On this episode of The Art of the Story, Leo Sidran chats with singer Kurt Elling about his Broadway debut in Hadestown.
Over a quarter century, Kurt Elling has established himself as perhaps the standout male jazz vocalist of his generation. With multiple Grammys and a decades long perch at the top of Critics and Readers polls, he is a relentless force, constantly creating, constantly in motion.
In the past year alone he has released three EPs of piano and vocal duos - featuring Kurt in musical conversation with Sullivan Fortner, Joey Calderazzo and Christian Sands - on his newly formed Big Shoulders label. The label name is a nod to his hometown, Chicago, where he is something of a musical hero.

Meanwhile, he’s been busy adapting the music of Weather Report, and recording with the WDR Big Band. And he is a coveted collaborator, working regularly in recent years with guitarist Charlie Hunter with their SuperBlue project, and appearing on any number of stages and recordings with the likes of Emmet Cohen, Kenny Barron and the Yellowjackets.
Trying to keep track of Elling is like trying to capture the sea in a net - he is seemingly everywhere. He doesn’t take any of his successes for granted.
“And I'm just really, really focused on gratitude at this point,” he says. “I worked all these years to try to get into a spot. I built my little perch and the audiences have been faithful and people have been so kind in receiving what I've tried to put out there. You know, 57 and I can sing maybe better than I ever have. And now this Broadway thing.”
The Broadway thing, as he describes it, appears to be the one reason he can find to stay put more or less for more than a few days at a time. He’s currently appearing as Hermes in the musical Hadestown on Broadway. (The show won a Tony for Best Musical in 2019, and Broadway legend Andre DeShields, who developed the role for Broadway took home his own Tony for it too.)
For Elling, the challenge of Broadway is a welcome one.
He says, “To have a new arena of creativity, welcome me and invite me…to be trusted with that, I really have got to hit this as hard as I possibly can.”

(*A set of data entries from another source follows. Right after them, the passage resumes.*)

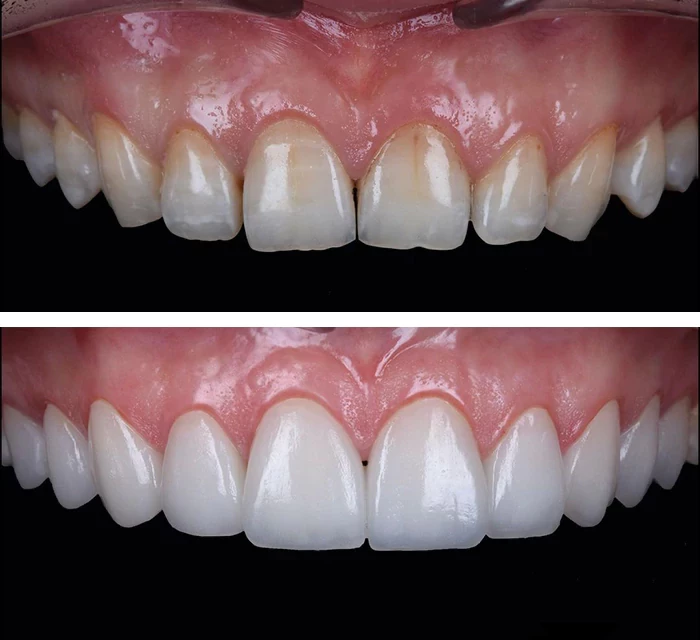 before & after photo of فينير الأسنان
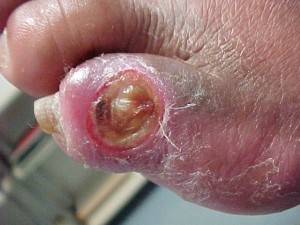 diabetic ulcers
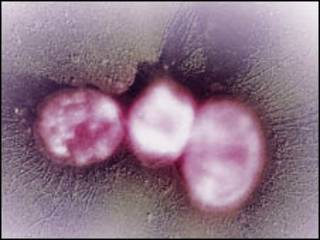 Klebsiella pneumoniae Carbapenemase (Foto: Fred Hossler/Visuals Unlimited/Scicence Photo Library)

For a jazzman like Kurt who has dedicated his life to developing his own style and sound, and who lives on the edge of control and spontaneity, hitting the exact same mark eight shows a week is a responsibility. Fortunately, he says, Hadestown is the perfect fit for him.
“It is the right show. They've built in stylistic flexibility,” he explains. “They've built in interpretive room for it to flourish. You gotta say the words. Because it's this show, the amount of wiggle room and freedom and discovery that I'm being allowed, what to do with my hands, a look a give, the people I’m working with - they’re flexible.”

And while the physical demands of starring on Broadway might seem high, he says it’s nothing compared to a life on the road.
“It's three train stops and I'm at work” he boasts. “And I can walk home. And I'm in the same bed every night. Brother Broadway is technically, yeah. So much easier from not traveling and right now.”
But beyond the creative freedom and consistency of routine, for Elling, the show itself is the right fit at the right time.
“It’s got more than a love story in it,” says Kurt. “Everybody in this mythic world is dependent upon the artist, the hero completing the hero's journey successfully. The ordinary people trying to rise up and liberate themselves from a guy who has an endless hole in his heart and is trying to fill that hole by owning everything and everyone, and controlling everything and everyone sound familiar?”
Kurt Elling sounds familiar, and unexpected, and he’s appearing in Hadestown on Broadway now through February.